Problem statement - The reader should set down exactly the lines from the one containing "美味的麻婆茄子便當 美味的麻婆茄子便當 133171690" through the last line of the material, omitting every picture.

Raw data -
--
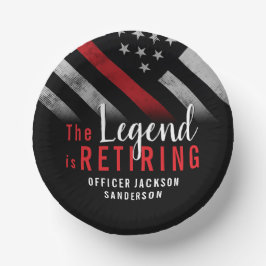 Feuerwehrmann Red Line Flagge Feuerwehrmann Pappteller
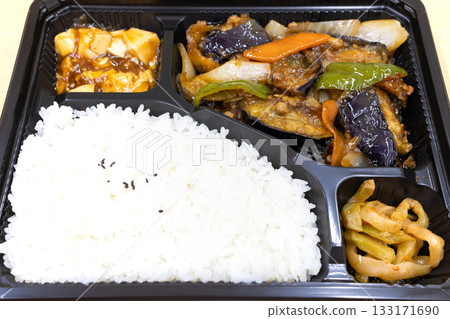 美味的麻婆茄子便當 美味的麻婆茄子便當 133171690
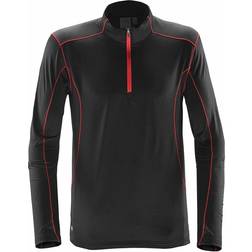 Stormtech Pulse Fleece Pullover - Black/Bright Red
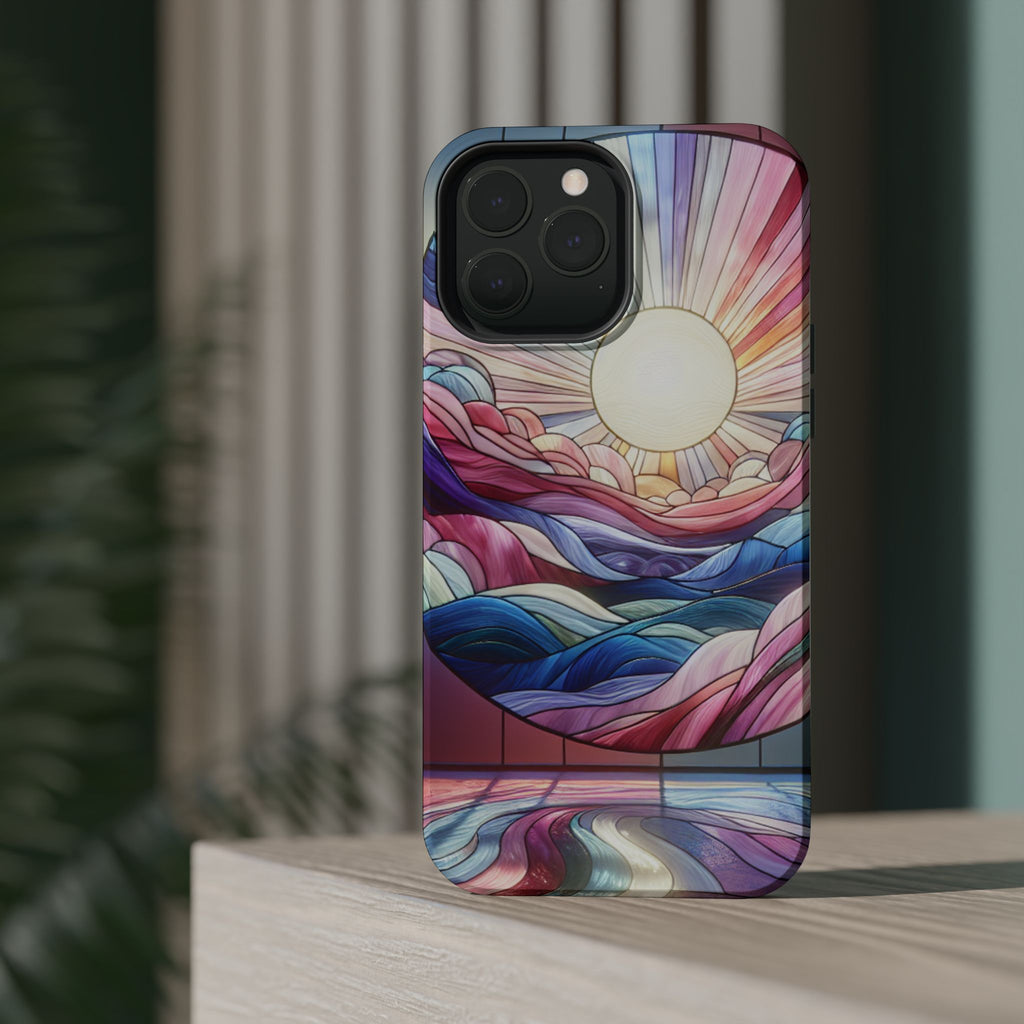 Magnet Tough Cases - Sunrise Stained Glass Design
--
Result below -
 美味的麻婆茄子便當 美味的麻婆茄子便當 133171690
 Stormtech Pulse Fleece Pullover - Black/Bright Red
 Magnet Tough Cases - Sunrise Stained Glass Design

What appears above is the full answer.